The process of realization of the ideas of India and Pakistan seems to have followed the path of it’s principal founders, Nehru and Jinnah. Both had a convincing idea of India and Pakistan. Both derived it from their family, their neighbourhoods, their education and most importantly the people they chose to call friends later in their lives. Jinnah’s idea of an equally secular Pakistan, but one primarily based on the undeniable right for Muslims to a majority was as convincing as Nehru’s idea of an undivided secular nation with a Hindu majority. Jinnah had to fight for his idea while Nehru appeared the dignified statesman, yielding. The realization of their ideas seem to have traced an unmistakable parallel with their lives. Jinnah’s idea died with him, soon after Pakistan’s conception. India was considerably lucky in receiving the stewardship of Nehru in further crystallizing this idea for 17 more years. His idea, after his passing, over cyclical iterations of selfish and ambivalent governance, is now indistinguishable.

This point is made using another parallel observed astutely by Jawed Naqvi in an article for The Dawn titled ‘The waning romance of an idea’§. Here, he uses the treatment meted out to artists of either side by the political and social class in tracing the trajectory of the idea of each nation. After partition, India was enamoured by the Lata-Rafi partnership. Even other artistes found equal freedom and acceptance by society and all of them flourished in this environment. Pakistan on the other hand, without Jinnah, fumbled in their treatment to their artists. Qurutulain Haider, Sahir Ludhianvi and Bade Ghulam Ali chose to settle and breathe their last on Indian soil. Those who chose to stay back lived a stifled existence.

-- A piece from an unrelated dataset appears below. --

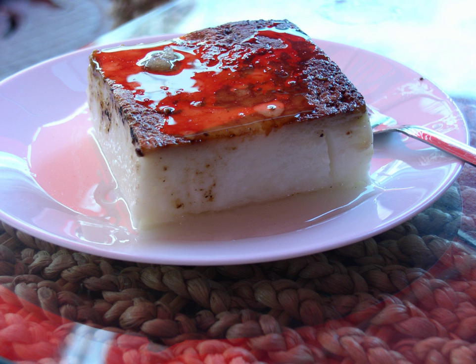Kazandibi, or kazan dibi, is a Turkish dessert and a type of caramelized milk pudding. It was developed in the kitchens of the Ottoman palace and is one of the most popular Turkish desserts today.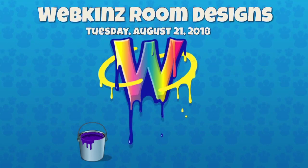Hey guys, it's Tuesday, August 21st, 2018, and we are continuing with our Webkinz room design videos. We just had a room design awards. Congratulations to the winners and to our two special guest judges, Natty and Akul Ant. If you want to see the results of that, I'm going to post a link below this article and you can check that out.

Since Nehru’s passing, India too has been burdened with the same bigotry by it’s political class. It is a sad legacy of Nehru that his daughter struck the first blow. Indira Gandhi’s Emergency era with it’s draconian censorship and the pseudo-autocratic rule which followed was the biggest and earliest blow to this idea. The future political rulers were awarded a precedence of how hard and how long they could wield this censorship whip on our cultural movement. A taste of so much power for our megalomaniac leaders is like the smell of blood to a shark.

The current state of the political interference in our cultural affairs is poignantly summed up in these verses by the Pakistani Fehmida Riaz –

\"Tum bilkul hum jaise nikle? Ab tak kahaan chhupe thay bhai?
Wo ghaamadpan wo jaahilpan jisme humne sadi gawaee
Ab pahonchi hai dwaar tumharey? Arey badhaee, bahot badhaee."

To state a few examples, Salman Rushdie’s Satanic Verses is still banned in India. Indian government refused to acknowledge Bandit Queen as it’s official entry to Oscar. Anurag Kashyap’s Black Friday was wrung through a deblitating 3 years of censor review process before being released.

Nehru, an admirer of the arts and a writer himself, understood it’s value in a society. None of his successors have measured up to him in this aspect of a personality. Atal Bihari Vajpayee and V.P. Singh have been the closest, but they were also closet art aficionados. The future for such a leader to bless India in the near future looks bleak too. This is shameful!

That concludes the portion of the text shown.